Image-text web data
☆ ☆ ☆ ☆ ☆ ☆ ☆
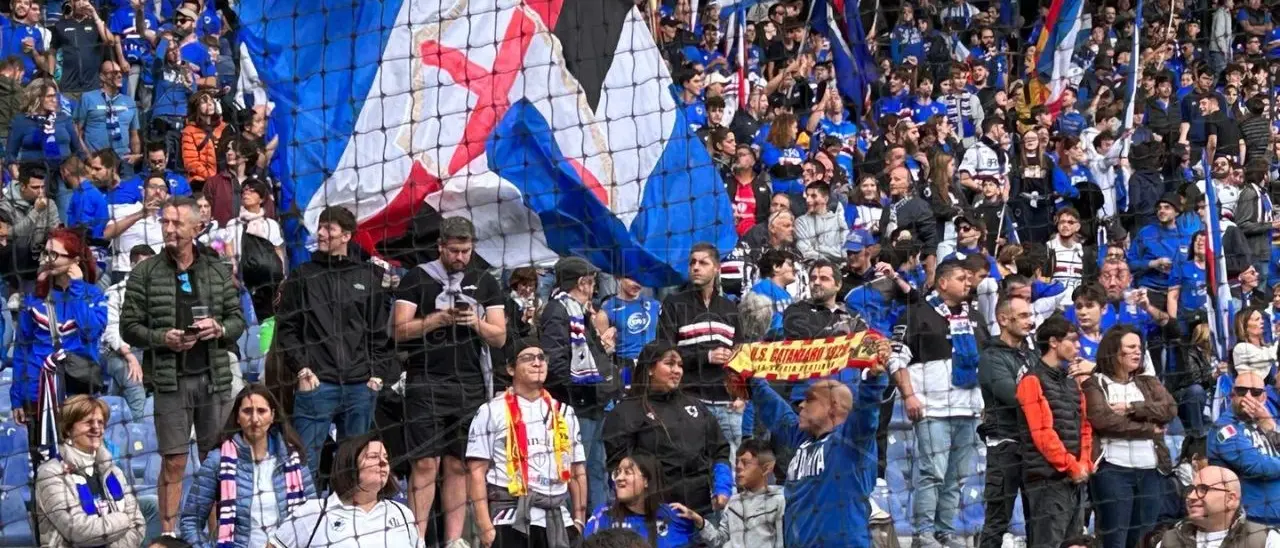 Cosenza-Sampdoria, l’Onms suggerisce limitazioni per i tifosi blucerchiati: ecco quali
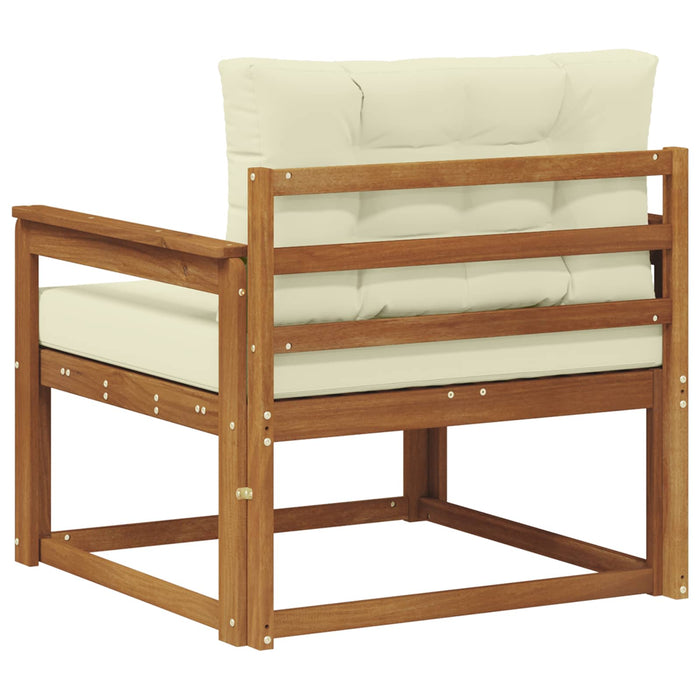 Canapea Medie pentru Exterior Lemn Solid de Acacia natural - WALTI WALTI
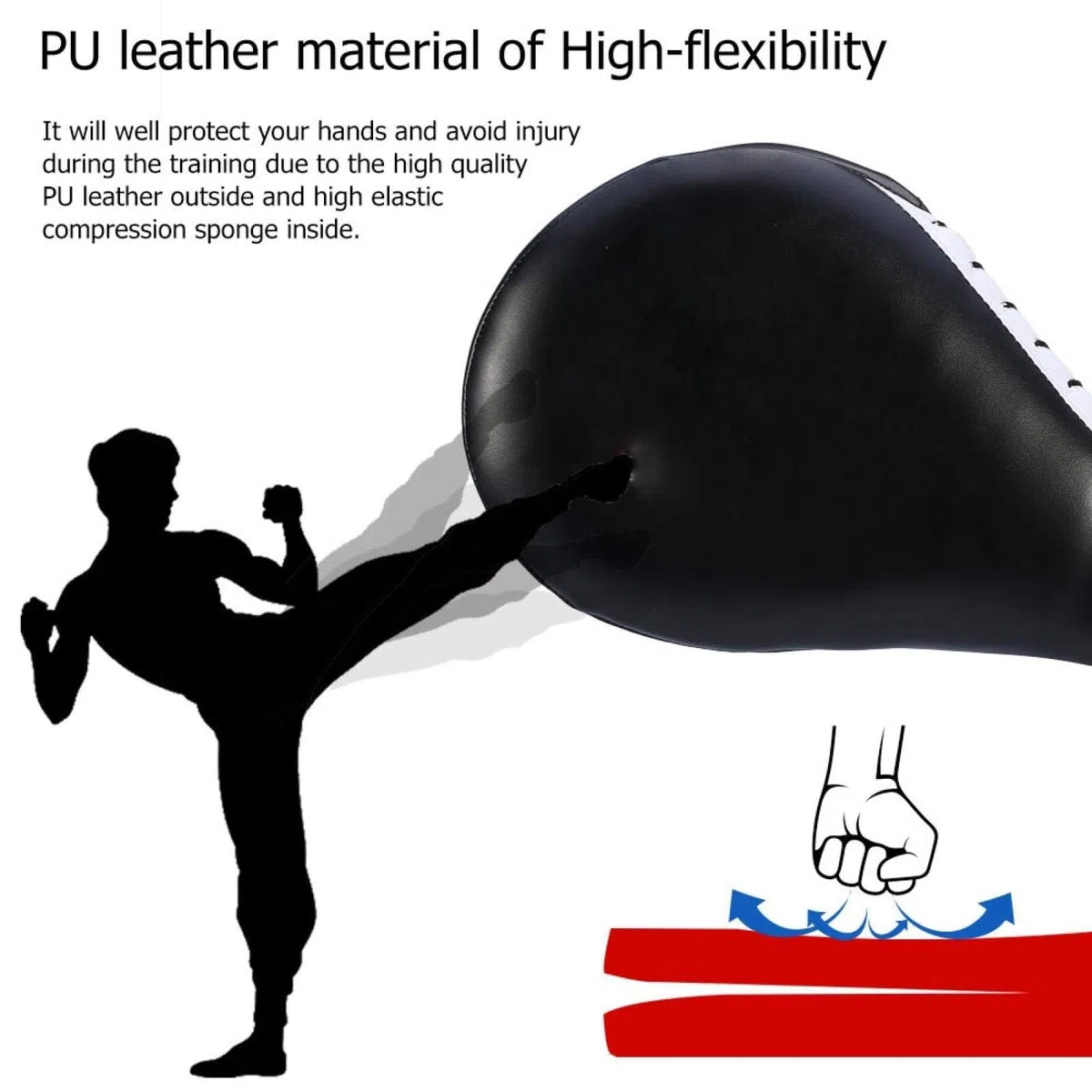 Almohadillas de Kickboxing, de Taekwondo, paletas de Artes Marciales, Almohadillas de patear para Artes Marciales, aplicables en la práctica de bateo de Taekwondo, Artes Marciales, etc.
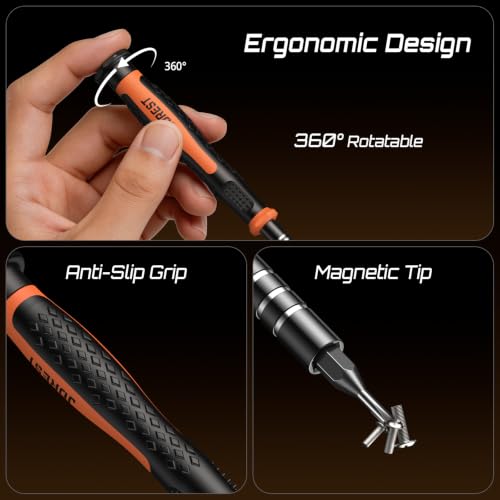 JOREST 55pcs Small Precision Screwdriver Set with Torx T5 T6, Mini Tool Kit - style: 55 in 1 S2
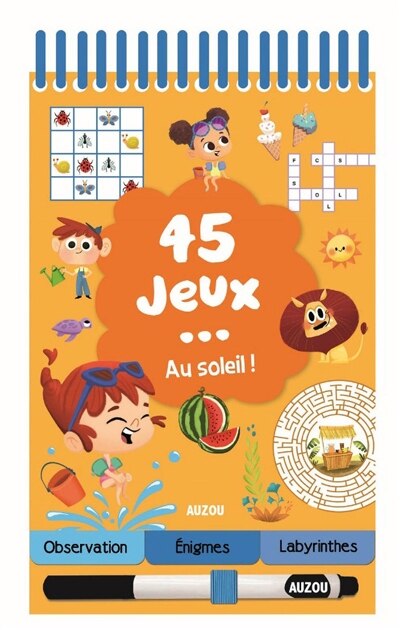 Couverture_45 jeux... au soleil !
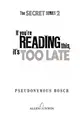 Cover image for If you're reading this, it's too late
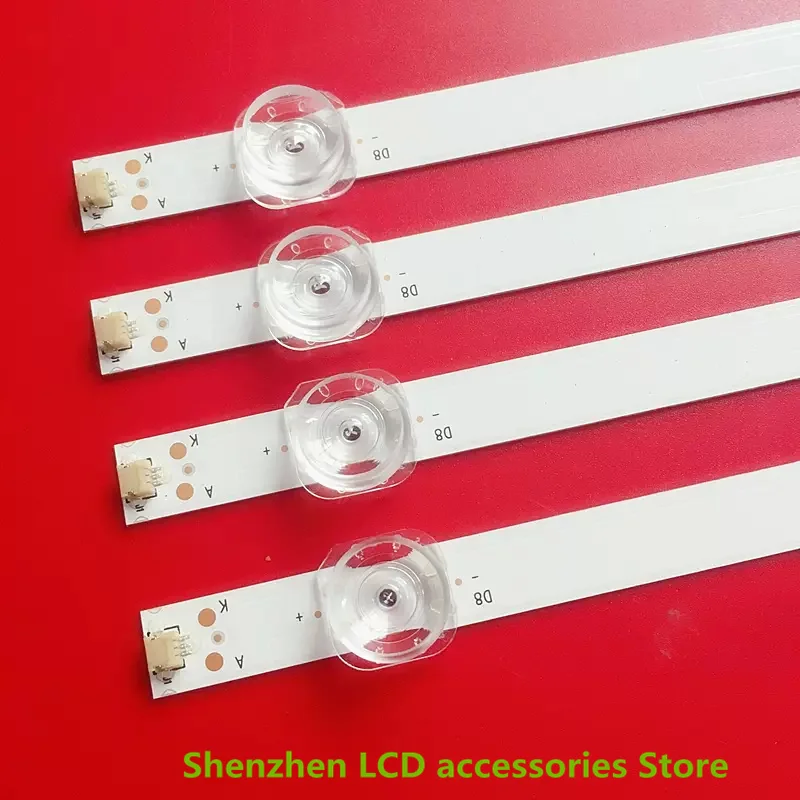 1TV=6PCS LED Strips for 43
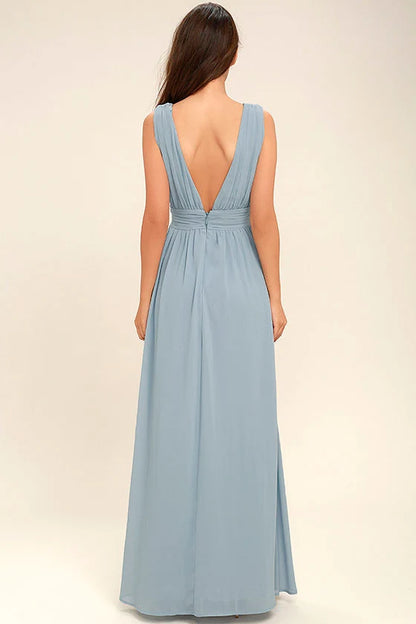 Heavenly Hues Light Blue Maxi Dress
☆ ☆ ☆ ☆ ☆ ☆ ☆
__TASK__: Only the text of the entries belongs in the answer, copied exactly; the pictures stay out.

__RESPONSE BOX__:
 Cosenza-Sampdoria, l’Onms suggerisce limitazioni per i tifosi blucerchiati: ecco quali
 Canapea Medie pentru Exterior Lemn Solid de Acacia natural - WALTI WALTI
 Almohadillas de Kickboxing, de Taekwondo, paletas de Artes Marciales, Almohadillas de patear para Artes Marciales, aplicables en la práctica de bateo de Taekwondo, Artes Marciales, etc.
 JOREST 55pcs Small Precision Screwdriver Set with Torx T5 T6, Mini Tool Kit - style: 55 in 1 S2
 Couverture_45 jeux... au soleil !
 Cover image for If you're reading this, it's too late
 1TV=6PCS LED Strips for 43
 Heavenly Hues Light Blue Maxi Dress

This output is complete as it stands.